Migration to Beam
This repository is only for reference. The Flink™ Runner has been donated to Apache Beam. Development has been moved to the Beam repository; new features or bug fixes will only be provided as part of Beam.
Please see the Flink Runner in the Beam repository.
Flink-Dataflow is a Runner for Google Dataflow (aka Apache Beam™) which enables you to run Dataflow programs with Apache Flink™. It integrates seamlessly with the Dataflow API, allowing you to execute Dataflow programs in streaming or batch mode.
Full Dataflow Windowing and Triggering Semantics
The Flink™ Dataflow Runner supports Event Time allowing you to analyze data with respect to its associated timestamp. It handles out-or-order and late-arriving elements. You may leverage the full power of the Dataflow windowing semantics like time-based, sliding, tumbling, or count windows. You may build session windows which allow you to keep track of events associated with each other.
The program's state is persisted by Apache Flink™. You may re-run and resume your program upon failure or if you decide to continue computation at a later time.
Sources and Sinks
Build your own data ingestion or digestion using the source/sink interface. Re-use Flink's sources and sinks or use the provided support for Apache Kafka.

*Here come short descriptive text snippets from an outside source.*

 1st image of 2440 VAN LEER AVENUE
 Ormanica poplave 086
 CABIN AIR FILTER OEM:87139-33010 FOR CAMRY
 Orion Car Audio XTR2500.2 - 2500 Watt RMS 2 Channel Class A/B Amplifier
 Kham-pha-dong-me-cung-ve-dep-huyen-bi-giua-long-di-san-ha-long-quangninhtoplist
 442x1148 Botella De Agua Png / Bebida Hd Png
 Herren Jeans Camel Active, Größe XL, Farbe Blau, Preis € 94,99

To execute a Dataflow program in streaming mode, just enable streaming in the
That's it. If you prefer batched execution, simply disable streaming mode.
Flink gives you out-of-core algorithms which operate on its managed memory to perform sorting, caching, and hash table operations. We have optimized operations like CoGroup to use Flink's optimized out-of-core implementation.

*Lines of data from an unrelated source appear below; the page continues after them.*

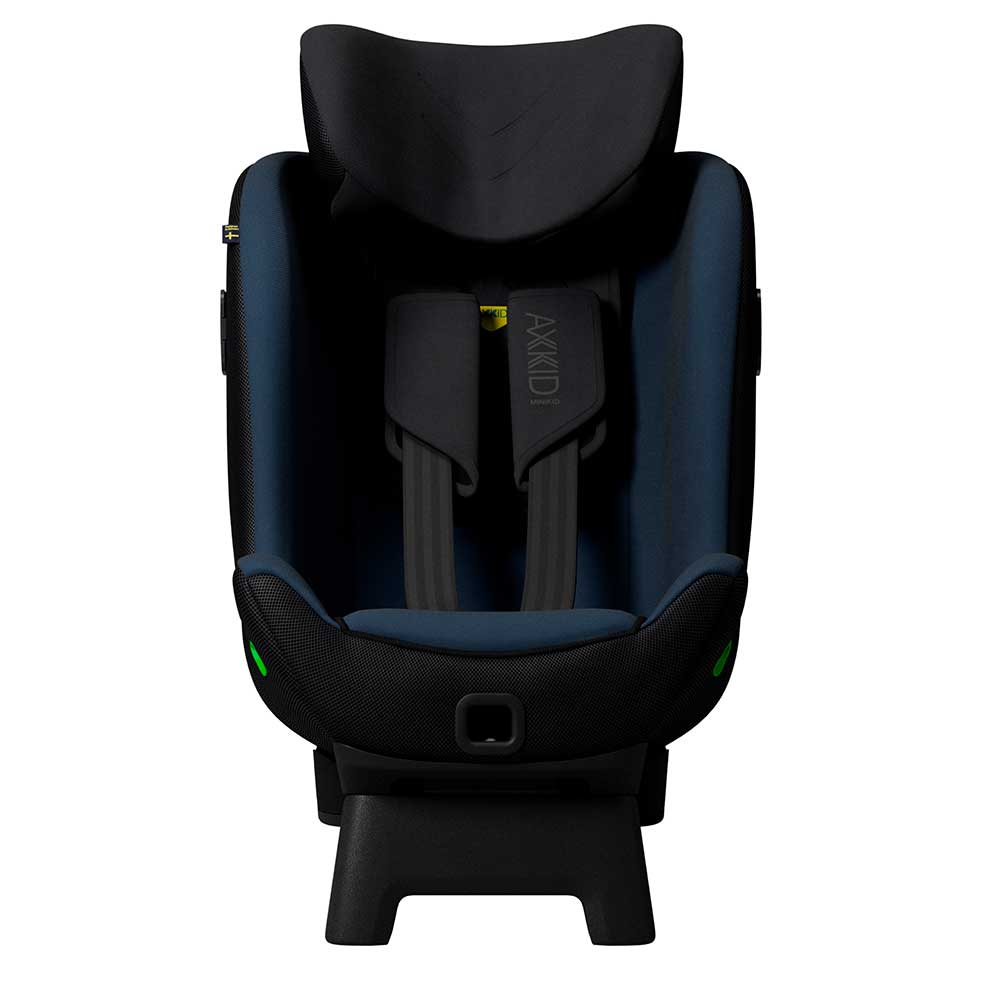 Axkid Minikid 4 Pro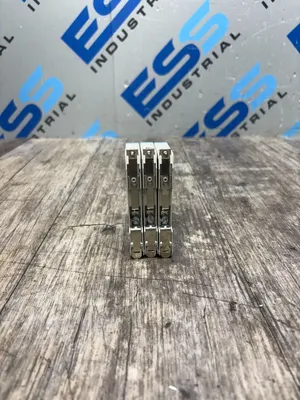 Used MTL MTL7728+ Misc Electrical & Power Parts South Carolina US | ESS Industrial Equipment Sales #1336024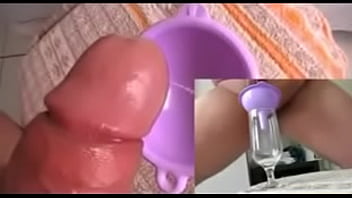 Preview 2 of Mom Education Sex Japan - Huge cock cumshot 5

We guarantee job-level fault-tolerance which gracefully restarts failed batch jobs.
Sources and Sinks
Build your own data ingestion or digestion using the source/sink interface or re-use Flink's sources and sinks.

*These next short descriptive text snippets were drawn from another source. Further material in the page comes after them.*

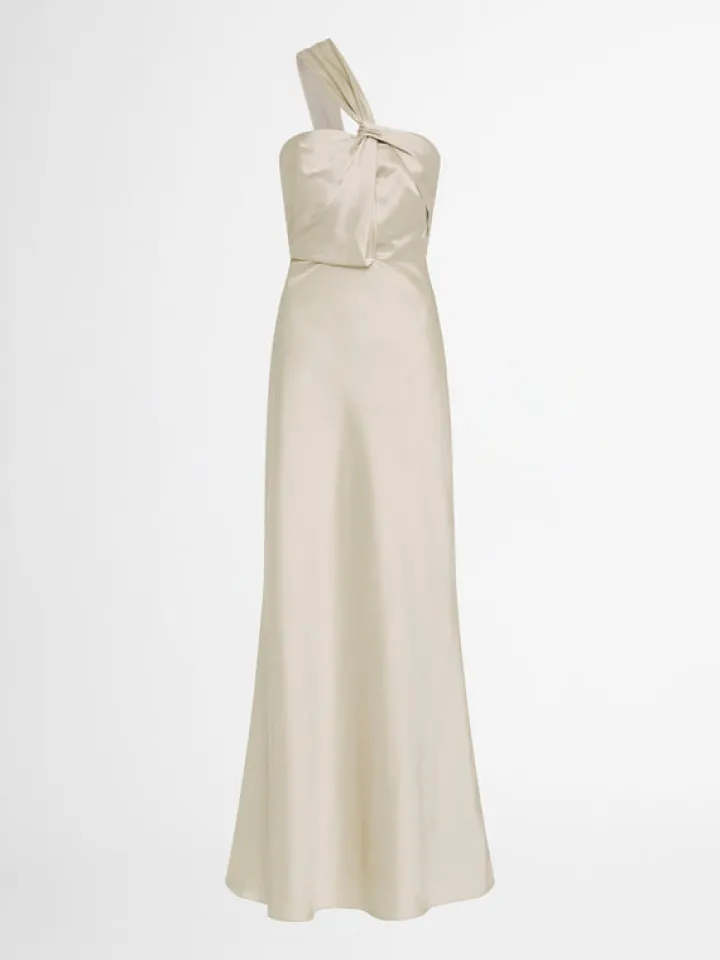 Woman SHEIKE Jovana Gown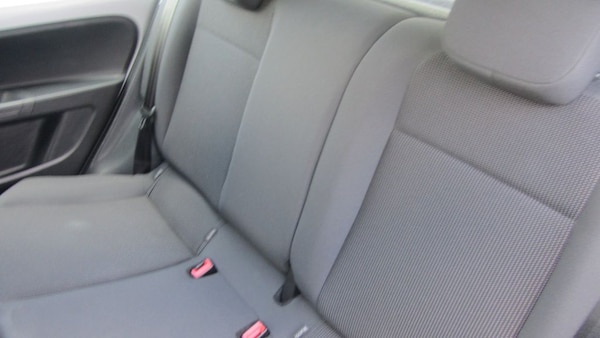 Used Volkswagen up! 2015 for sale - 75488207: Photo 19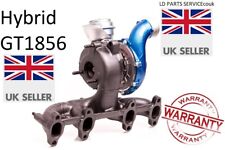 asz turbo for sale asz turbo for sale WAKEFIELD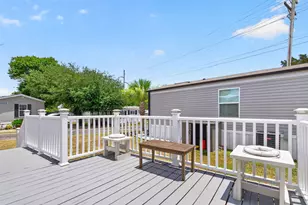 1511 Tanglewood Ave, North Myrtle Beach, SC 29582 - Photo 14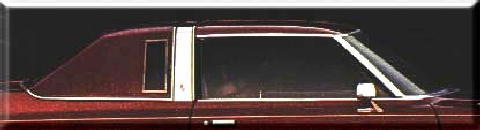 std_1977_dodge_royal_monaco_brougham_diplomat_pkg-roof_detailmmod.jpg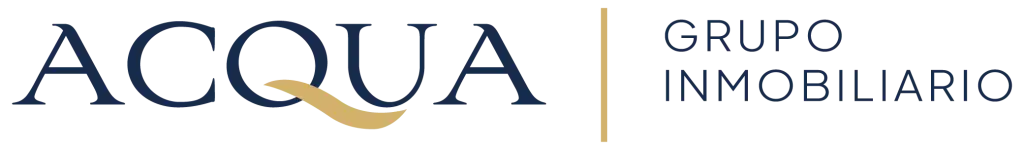 logo-acqua-grupo-inmobiliario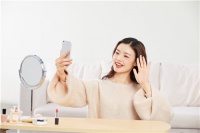 “双十一”点燃促消费下半场 市场回暖更多利好可期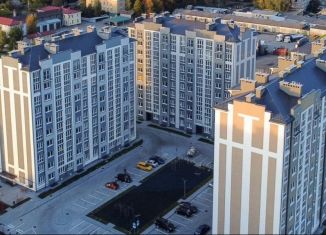 Продаю 1-ком. квартиру, 37.7 м2, Калининград, Иркутская улица, 8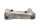 Swingarm, achterwielaandrijving, asbevestiging BMW K 1100 RS K589 0522 92-96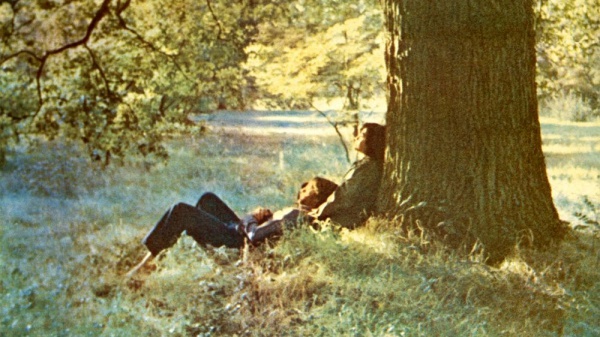 A placeholder image for the article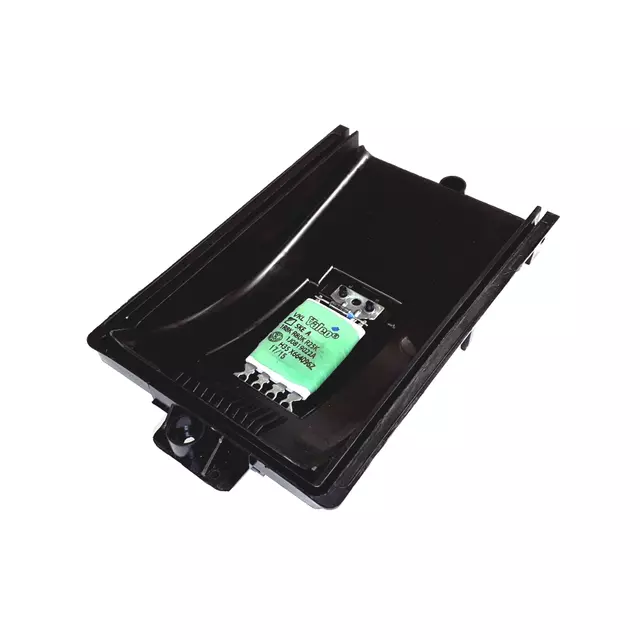 Blower Motor 1J0-819-022-A - View 28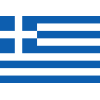 Grčka Ž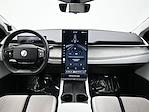 2023 Fisker Ocean AWD SUV for sale #204039P - photo 24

The Flink Dataflow Runner maintains as much compatibility with the Dataflow API as possible. We support transformations on data like:
- Side inputs/outputs
To get started using Flink-Dataflow, we first need to install the latest version.
To retrieve the latest version of Flink-Dataflow, run the following command
git clone https://github.com/dataArtisans/flink-dataflow
Then switch to the newly created directory and run Maven to build the Dataflow runner:
cd flink-dataflow mvn clean install -DskipTests
Flink-Dataflow is now installed in your local maven repository.
Executing an example
Next, let's run the classic WordCount example. It's semantically identically to
the example provided with Google Dataflow. Only this time, we chose the
FlinkPipelineRunner to execute the WordCount on top of Flink.
Here's an excerpt from the WordCount class file:
Options options = PipelineOptionsFactory.fromArgs(args).as(Options.class); // yes, we want to run WordCount with Flink options.setRunner(FlinkPipelineRunner.class); Pipeline p = Pipeline.create(options); p.apply(TextIO.Read.named("ReadLines").from(options.getInput())) .apply(new CountWords()) .apply(TextIO.Write.named("WriteCounts") .to(options.getOutput()) .withNumShards(options.getNumShards())); p.run();
To execute the example, let's first get some sample data:
curl http://www.gutenberg.org/cache/epub/1128/pg1128.txt > examples/kinglear.txt
Then let's run the included WordCount locally on your machine:
cd examples mvn exec:exec -Dinput=kinglear.txt -Doutput=wordcounts.txt
Congratulations, you have run your first Google Dataflow program on top of Apache Flink!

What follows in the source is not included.